Nov 17 2014
The table below shows the trade balances for the nations from which my year two IB Economics student come. They are ranked in order from the country whose trade deficit makes up the largest percentage of its GDP to the country whose trade surplus makes up the largest percentage of its GDP. The blue bars represent the value of the deficit or surplus of each nation. As can be seen, Zimbabwe’s trade deficit is very small in dollar terms, but since its economy is also very small this deficit makes up a large percentage of its total GDP. Click on the image to visit an interactive version of the chart on which you can study the data more closely. Then answer the questions that follow.
- Identify and define the four components of a nation’s current account balance.
- According to the data, which three countries are the most import dependent? Which three countries are the most export dependent? Which country has the most balance trade in goods and services? Which has the most imbalanced trade?
- For one of deficit countries above, answer the following two questions:
- Assuming its currencies’ exchange rates is floating, explain how persistent current account deficits will affect a country’s exchange rate over time?

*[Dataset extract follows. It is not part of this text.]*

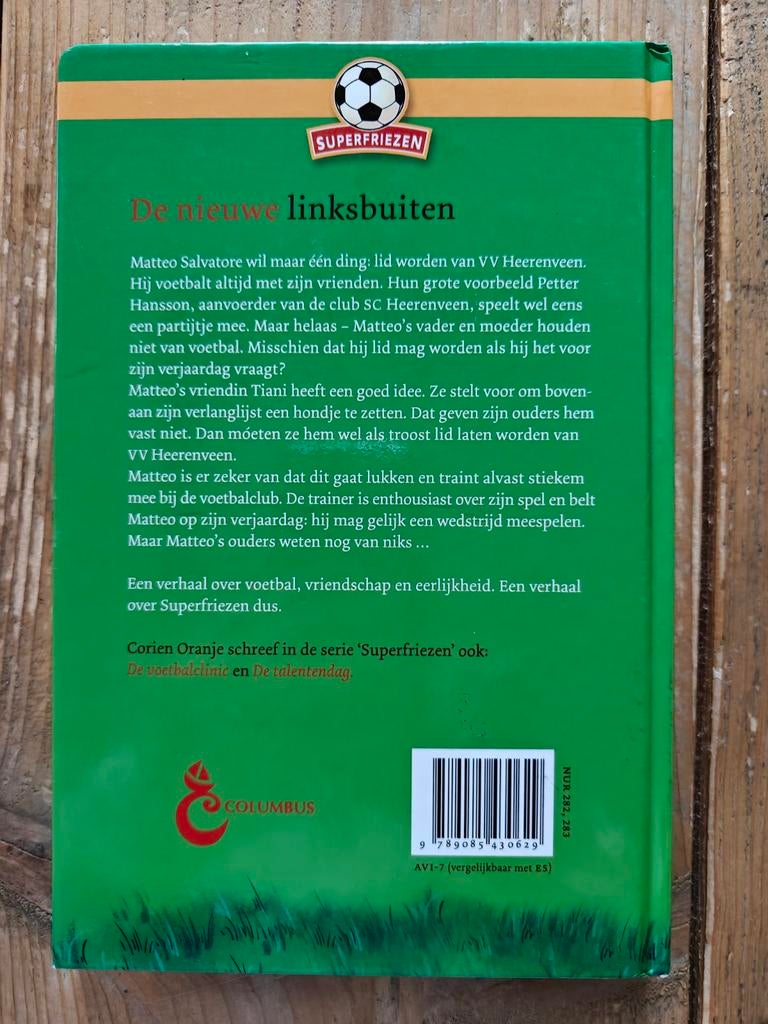 De nieuwe linksbuiten., Boeken, Ophalen of Verzenden, Fictie algemeen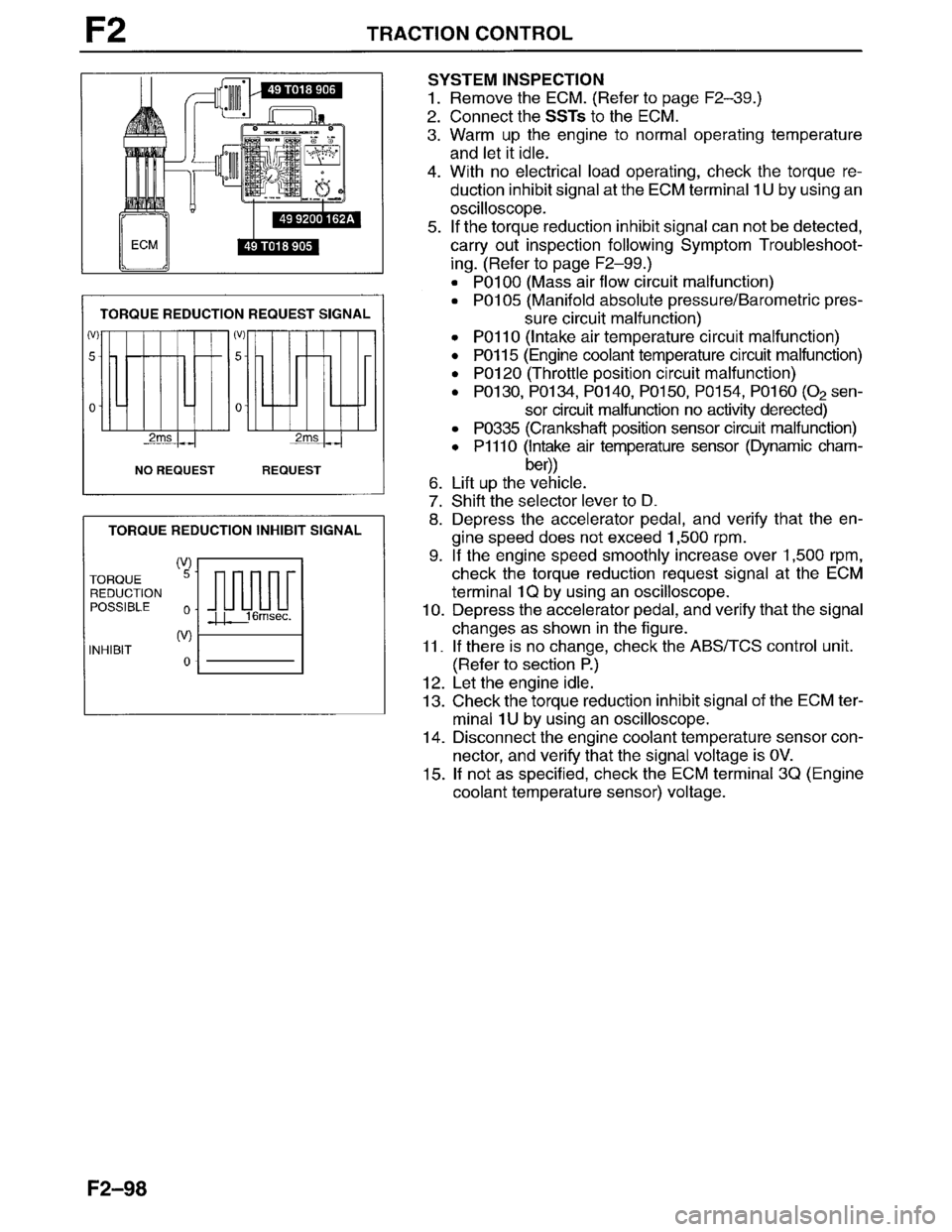MAZDA MILLENIA 1996  Workshop Manual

- Summarize and explain the likely effects of a current account deficit on the following: a) the financial account balance, b) domestic interest rates, and c) national debt.
- For one of the surplus countries above, answer the following two questions:
- Assuming its currencies’ exchange rates is floating, explain how persistent current account surpluses will affect a country’s exchange rate over time?
- Summarize and explain the likely effects of a current account surplus on the following: a) domestic savings rates, b) the financial account balance.
- What are the various methods a country can take to reduce a current account deficit? What is the benefit of having a balanced current account as opposed to a large deficit or surplus?